Después de la posfijación se procedió a deshidratar las muestras. En el caso de las muestras para su posterior identificación por microscopia electrónica de transmisión (MET), se dispensó muy suavemente con pipeta pasteur diferentes soluciones alcohólicas a concentraciones crecientes (desde el 30 hasta el 100%), seguidas finalmente por soluciones de acetona al 100%. Posteriormente, las muestras deshidratadas fueron incluidas en resina Spurr que fue polimerizada a 60 °C durante 48 h. Los cortes semifinos (0,7 µ m) y los ultrafinos (60 nm) se realizaron con un micrótomo ultracutE (Reichert Jung, Alemania), los ultrafinos se recogieron en rejillas de cobre empleando el mismo instrumento. El contraste de las muestras se llevó a cabo con acetato de uranilo al 2% y nitrato de plomo y citrato sódico. En el caso de las muestras cuyo destino final era su identificación por MER, la deshidratación se realizó con sucesivos pasos de soluciones con concentraciones crecientes de alcohol pero seguidas por una serie de soluciones con concentraciones crecientes de isoamil acetato. Posteriormente, la desecación de las muestras se realizó por el método del punto crítico con CO2 mediante el equipo Bat-tec CPD 030 (Liechtenstein), y el montaje se llevó a cabo mediante cinta bioadhesiva de carbón en un soporte de aluminio.
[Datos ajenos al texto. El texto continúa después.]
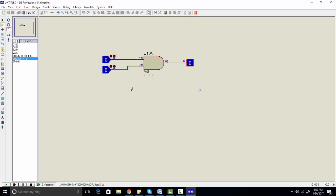To run the simulation, simply click play. For example, if one state is high and the other is low, we are still getting output 0. Let's make the other input high as well. Now you can see when both inputs are high, the output is high.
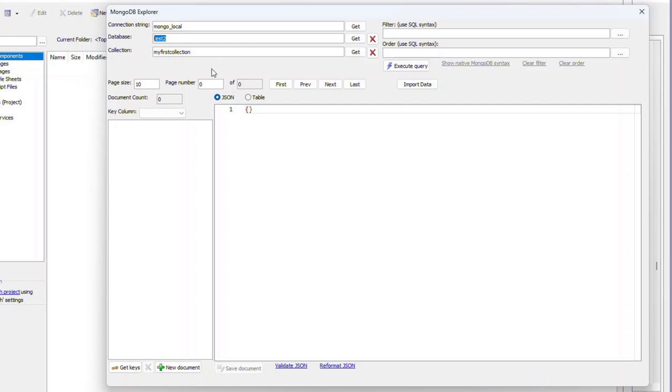So what we can do now is start adding records into this collection or we can import data from a SQL database into this collection. So we'll pause now and show in the next video how we can import data into this collection. We'll see you next time.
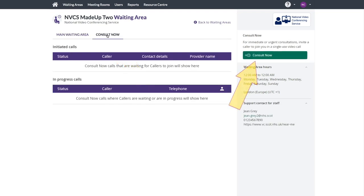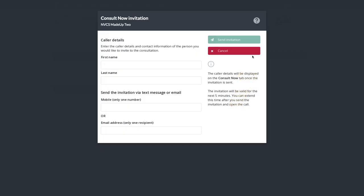From there, sending a ConsultNow link is simple. You'll require a mobile phone number or email address for your caller.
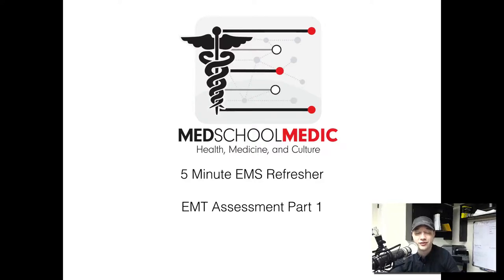Hey everybody, Ed Bowder from the MedSchoolMedic Podcast, MedSchoolMedic.com, here with the first part of a four-part series on your EMT assessment.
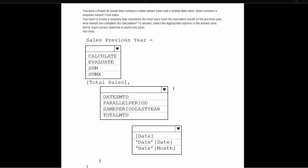So our question says that we have a Power BI model that contains a table named Sales and a related date table. Sales contains a measure named Total Sales. You need to create a measure that calculates the total sales from the equivalent month of a previous year. How should you complete the calculation?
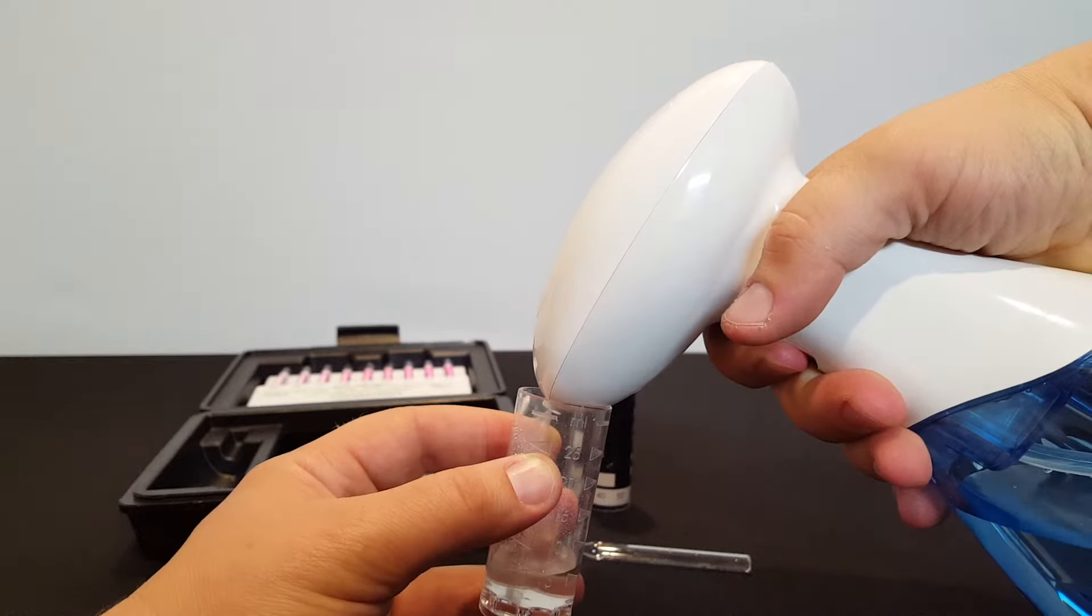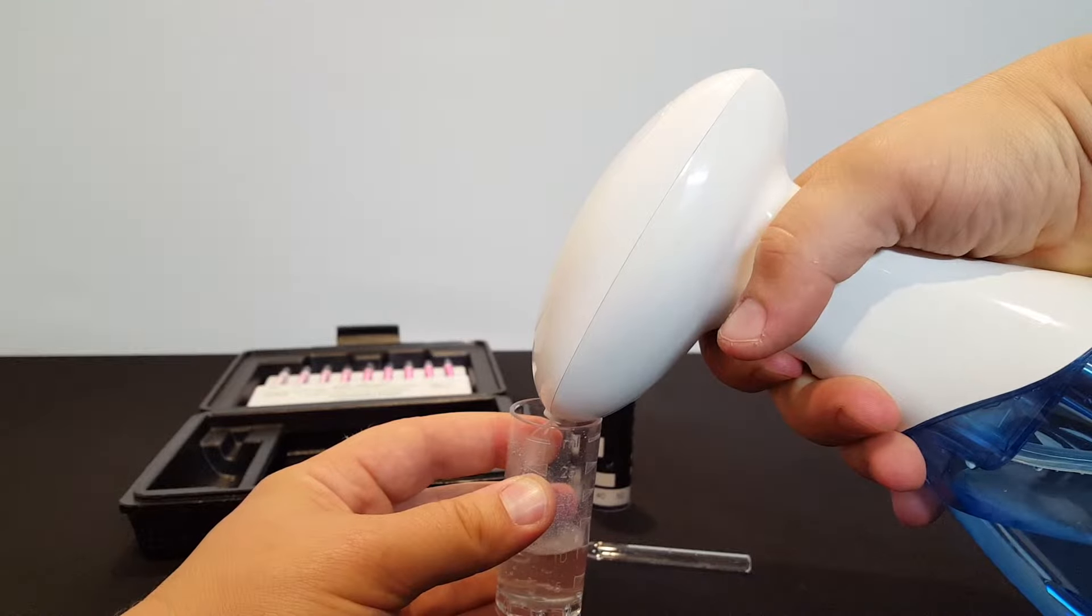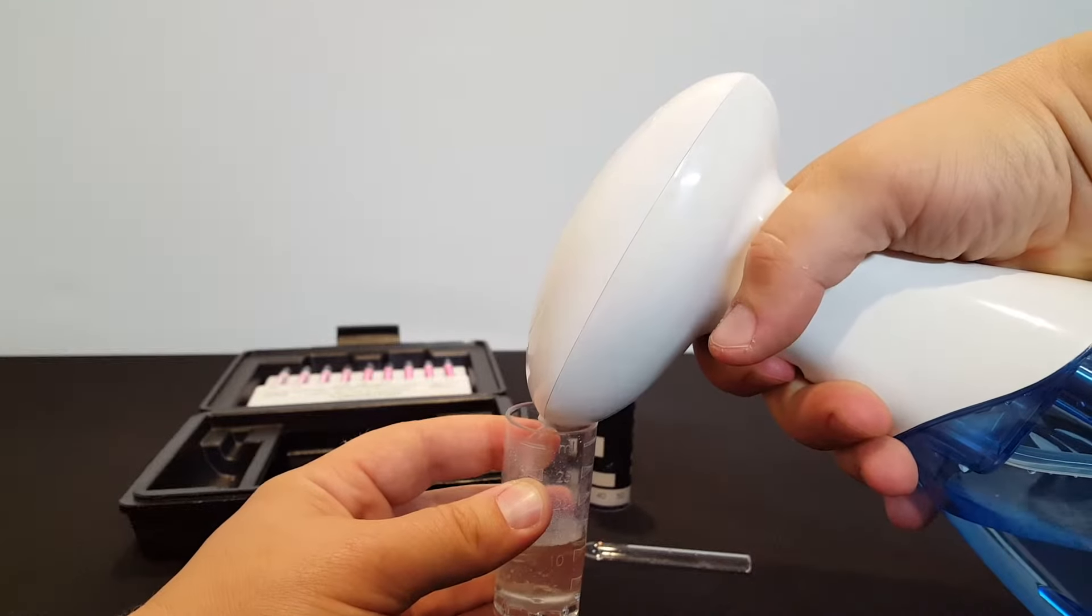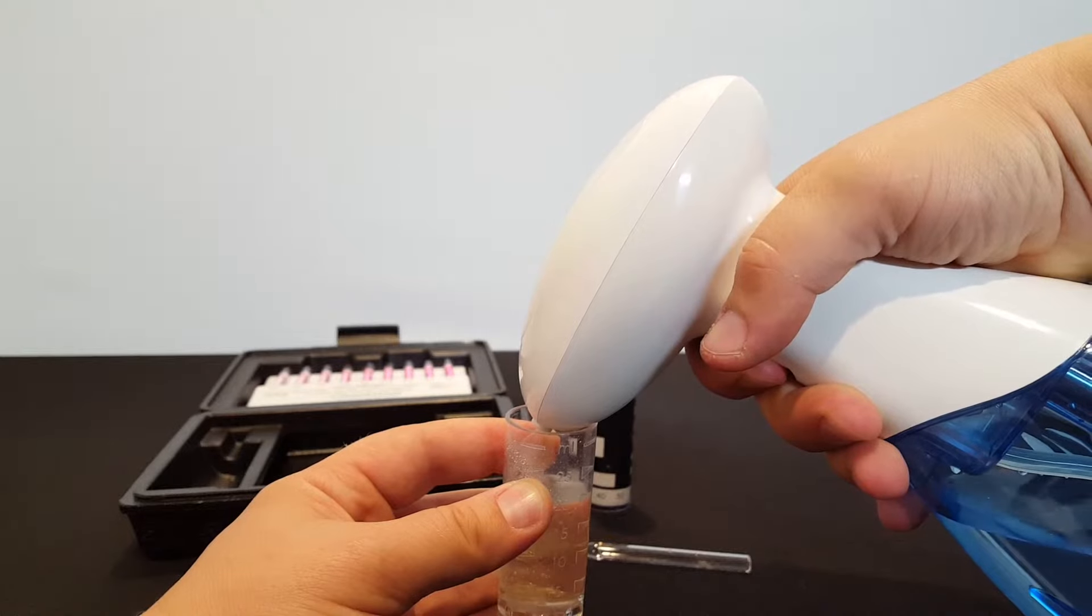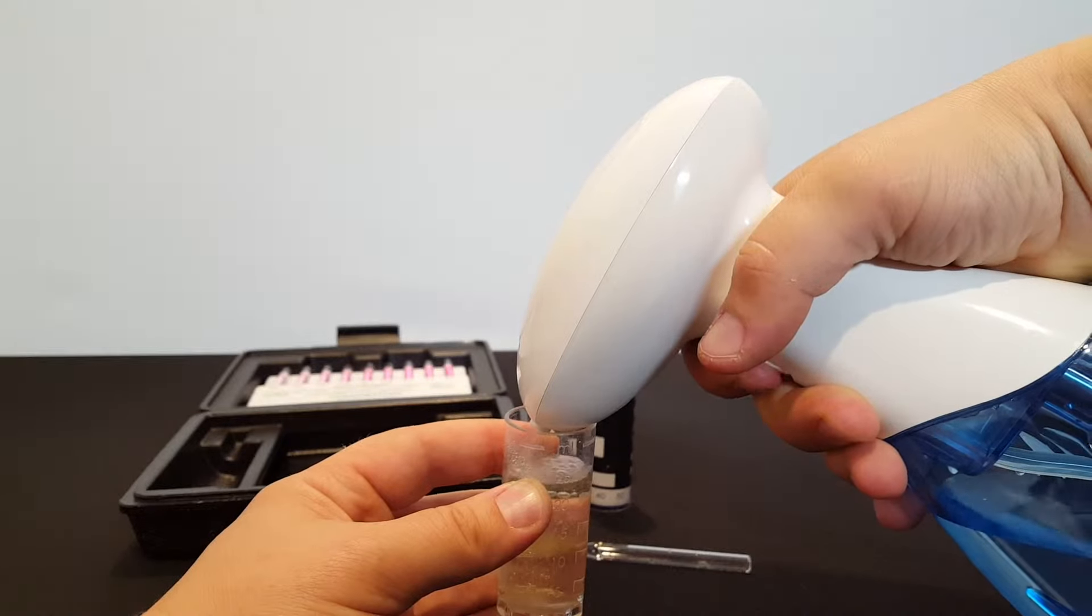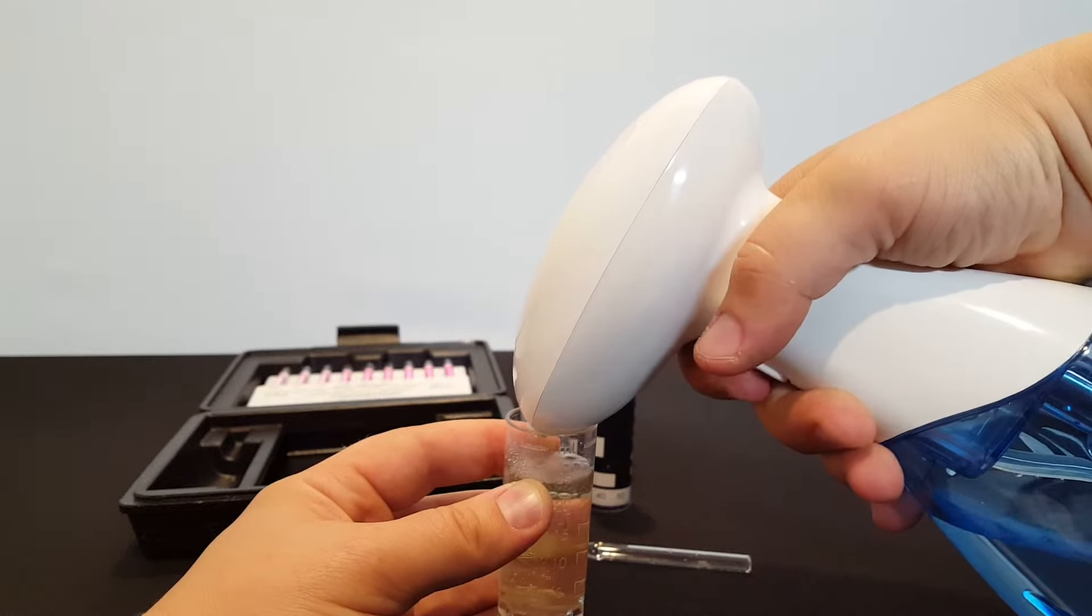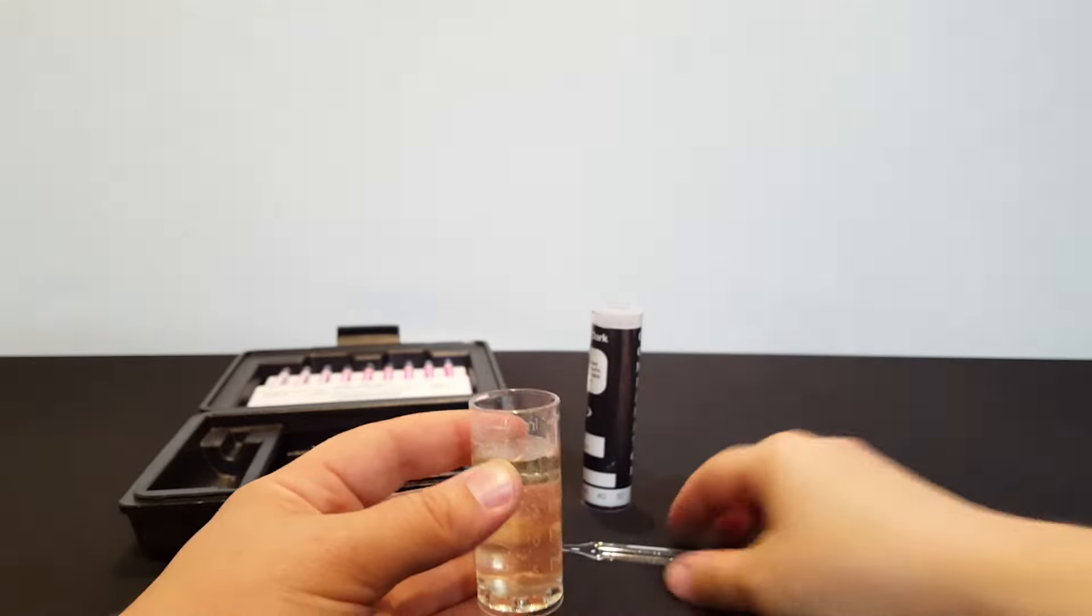The reason this part of the test has to go quickly is because the dissolved ozone starts to break down almost immediately. And we need to have it in the ampoule before the ozone starts to break down to ensure an accurate test.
Finalmente, las muestras fueron recubiertas por una película de oro de 25 nm de grosor en un equipo de pulverización catódica (Bal-tec SCD 004) siguiendo procedimientos habituales.

Microscopia electrónica

Las muestras para MET fueron observadas a 40 y 60 KV en un microscopio electrónico Zeiss EM 10CA (Zeiss, Alemania), mientras que las muestras para MER lo fueron a 15 KV en un microscopio Jeol EM 6400 (Jeol, Japón).

Resultados

Plaquetas en reposo (no estimuladas)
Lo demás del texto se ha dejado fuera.